### Prompt
The output consists only of the lines from the one with "National Design Chicago" through the end of the records, each printed exactly, and contains no pictures.

--- Supplied entries Enclosed Below ---

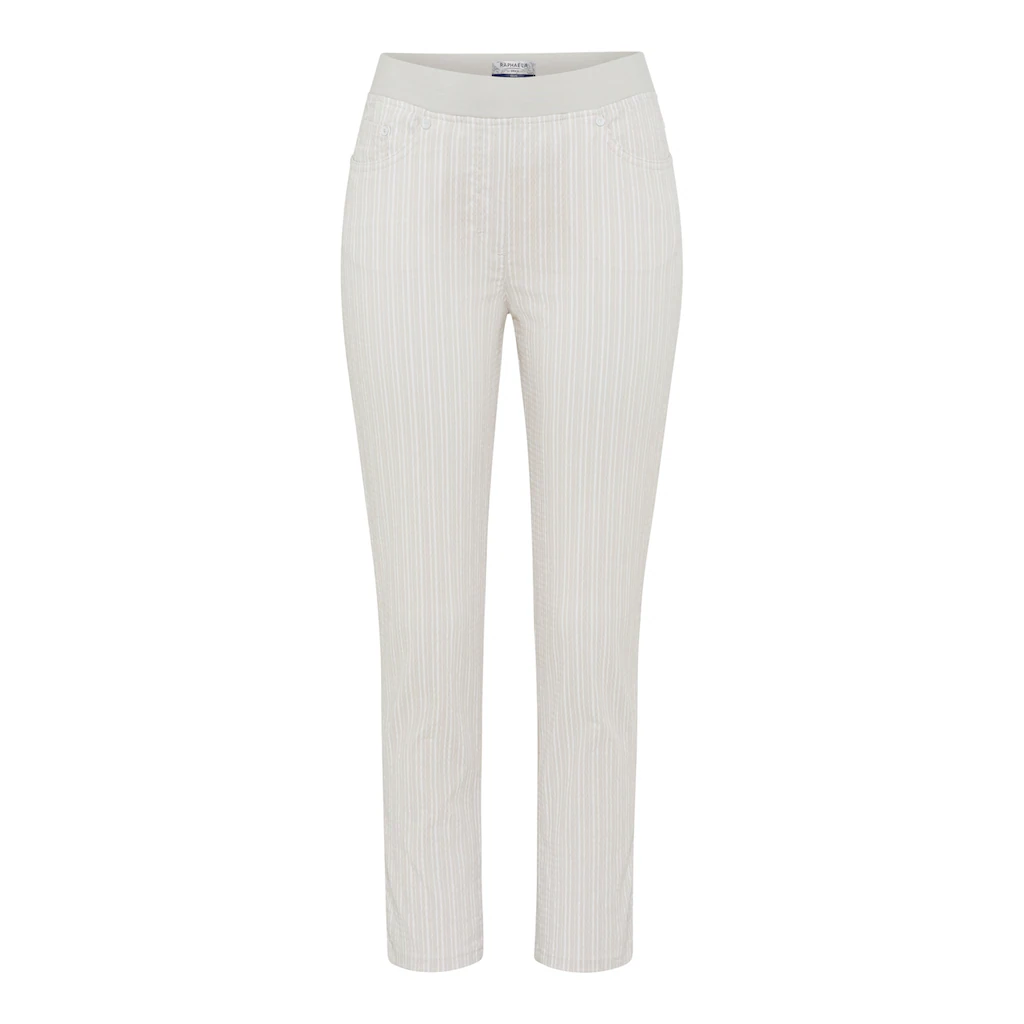 RAPHAELA by BRAX Caprihose »Style PAMINA 6/8«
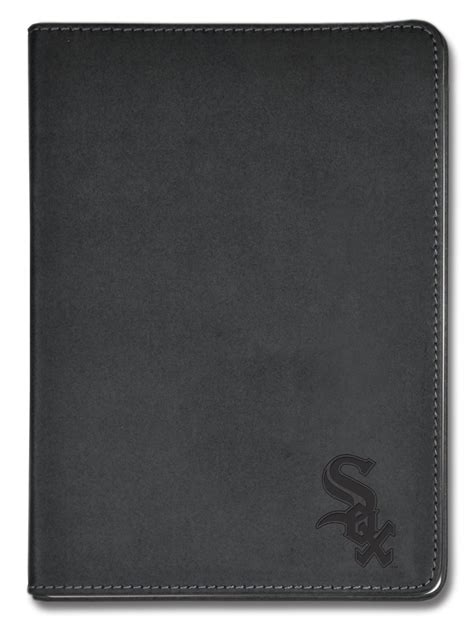 National Design Chicago White Sox Embossed Journal (12620-FAF) : Amazon ...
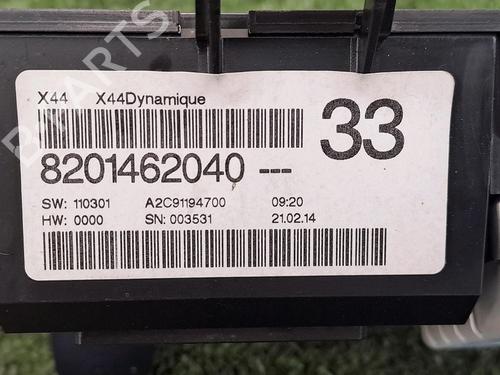 instrument-cluster-renault-twingo-ii-cn0_-2007-29948772 main image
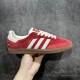 adidas Samba OG Talchum Pack Scarlet Men's & Women's Sneakers IG8905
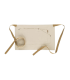 Short French apron in canvas fabric WORKTEAM Services M713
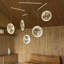 Focus 5 - Light LED Chandelier-939426401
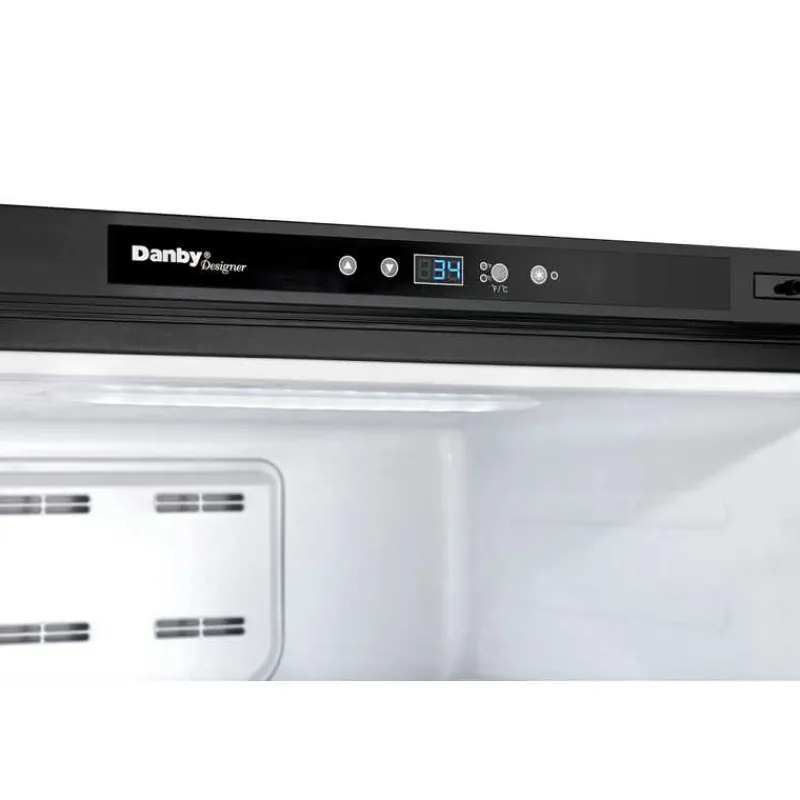 Danby 17 cu ft 30 In all refrigerator All refrigerator - DAR170A3BSLDD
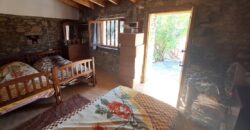 Paphos Filousa Kelokedaron 2Bdr Traditional House For Sale DTC4022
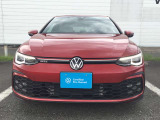 ゴルフ GTI 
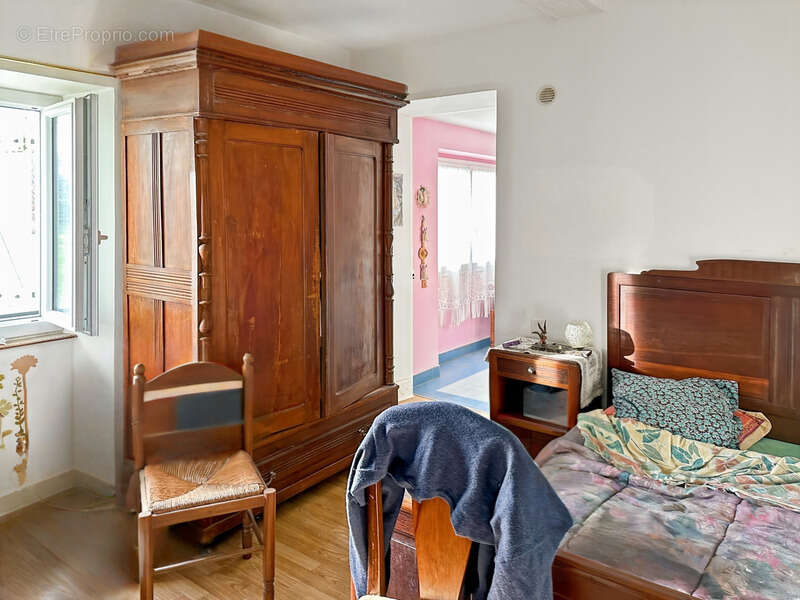 Maison à vendre de 155 m2 de surface habitable à LADEVEZE RIVIERE (32) avec 3330 m2 de jardin - photo 8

--- End of Enclosed Supplied entries ---

### Exercise response
 National Design Chicago White Sox Embossed Journal (12620-FAF) : Amazon ...
 instrument-cluster-renault-twingo-ii-cn0_-2007-29948772 main image
 adidas Samba OG Talchum Pack Scarlet Men's & Women's Sneakers IG8905
 Short French apron in canvas fabric WORKTEAM Services M713
 Focus 5 - Light LED Chandelier-939426401
 Danby 17 cu ft 30 In all refrigerator All refrigerator - DAR170A3BSLDD
 Paphos Filousa Kelokedaron 2Bdr Traditional House For Sale DTC4022
 ゴルフ GTI 
 Maison à vendre de 155 m2 de surface habitable à LADEVEZE RIVIERE (32) avec 3330 m2 de jardin - photo 8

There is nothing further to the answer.